Abstract

This book sets out to answer a question that is often asked about the relationship between the systematic deportation and murder of Europe’s Jewish population in the ‘Final Solution’ and the German military effort on the Eastern Front. Since, according to Yaron Pasher, an estimated 700,000 to one million were deported eastwards in 1942 alone, there must be a prima facie case for arguing that at times and for certain operations, the Jewish deportations must have had a substantial impact on German military effectiveness.
This is a difficult case to prove because it is based on an untestable counterfactual: if more trains had been available would the German army have used them and would it have made a difference? Pasher concludes that at key moments it would have made a difference. He suggests that a couple more divisions moved up to the Moscow front in late 1941 might have enabled the Germans to take Moscow; he poses the hypothesis that an extra division at Stalingrad might have saved the 6th Army, though this seems on the face of it implausible.
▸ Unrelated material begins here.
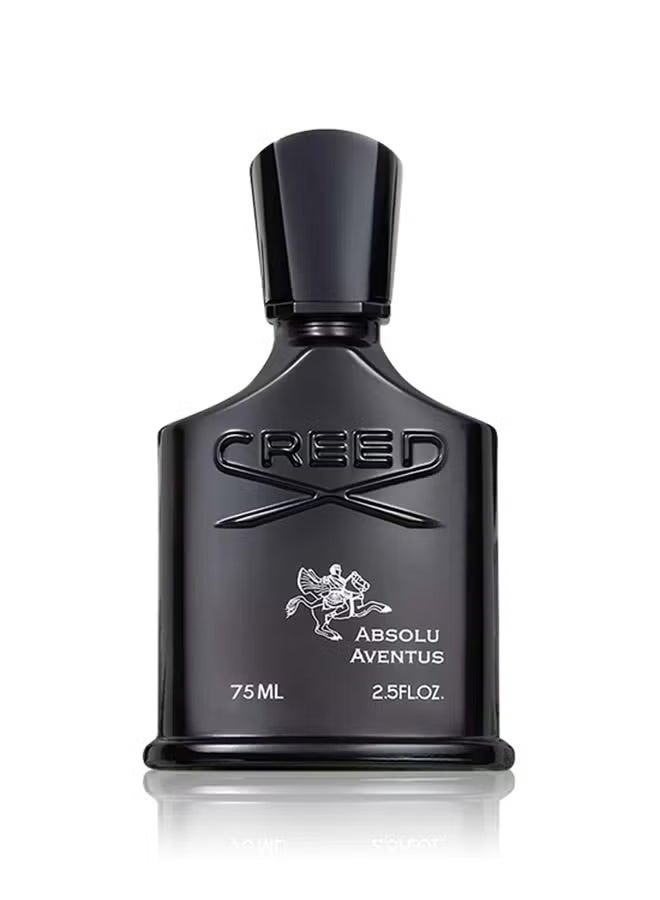 كريد أبسلوت أفينتوس EDP - 75 مل - Image 1
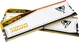 Patriot Viper ELITE 5 RGB TUF GAMING ALLIANCE DIMM Kit 48GB, DDR5-6600, CL34-40-40-84, on-die ECC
He also suggests that German logistics, unexpectedly reliant on horses on the Eastern Front, suffered from the diversion of cattle trucks to move Jews, which could instead have moved horses and fodder to Russia, or later on could have supplied the German army in France, where it struggled to cope with a rail network constantly under attack. He cites occasional complaints from military commanders who thought the deportations hampered short-term movement of resources for the army as further evidence that the deportations were a strategic mistake.
This argument begs a great many questions and it is not helped by the nature of the evidence that Pasher mobilizes. Much of the book gives a sketch of German strategy and operations based heavily on secondary sources. A rich list of archive sources can be found at the end of the book, but the notes show that archives have been used very sparingly despite the overwhelming amount of evidence available for every aspect of German operations and supply on the Eastern Front. A closer examination of particular operations and the organization of supplies would have given Pasher the opportunity to test his hypothesis more rigorously and to rely less on the published literature. There are also problems with the argument itself. The number of locomotives and trucks involved in the deportations has to be set alongside the total movement of rail-borne resources over time. The Reichsbahn moved millions of people around Germany and occupied Europe every week of the year. As a percentage of these passenger-miles over a three-year period, the deportations would look very small indeed. Nor is it the case that the Jewish deportations alone cost railway time; over these three years some seven million foreign workers and POWs were moved to the Reich; by 1944 some eight million evacuees had left Germany’s major cities to escape the bombing. This was a continent on the move and, awful though the experience of deportation was compared with other transports, it constituted a small fraction of overall movement by rail.
There is a case to be made that the deliberate mass murder of Europe’s Jews deprived the German war economy of a large quantity of skilled labour, which was in short supply by 1943. This too is a negative effect difficult to test, and the regime never shrank from seizing labour resources wherever they could be found. Counterfactual calculations of loss are much harder than calculating the gains made by expropriating Jewish homes, furnishings, wealth, and property, about which there is firm evidence of the net addition the Jewish persecution made to the German war effort. Pasher has certainly opened up the terms for a discussion of the negative impact of Jewish deportations on German military operations, but the thesis will need a more convincing set of proofs before anything more concrete can be said about what that relationship might be.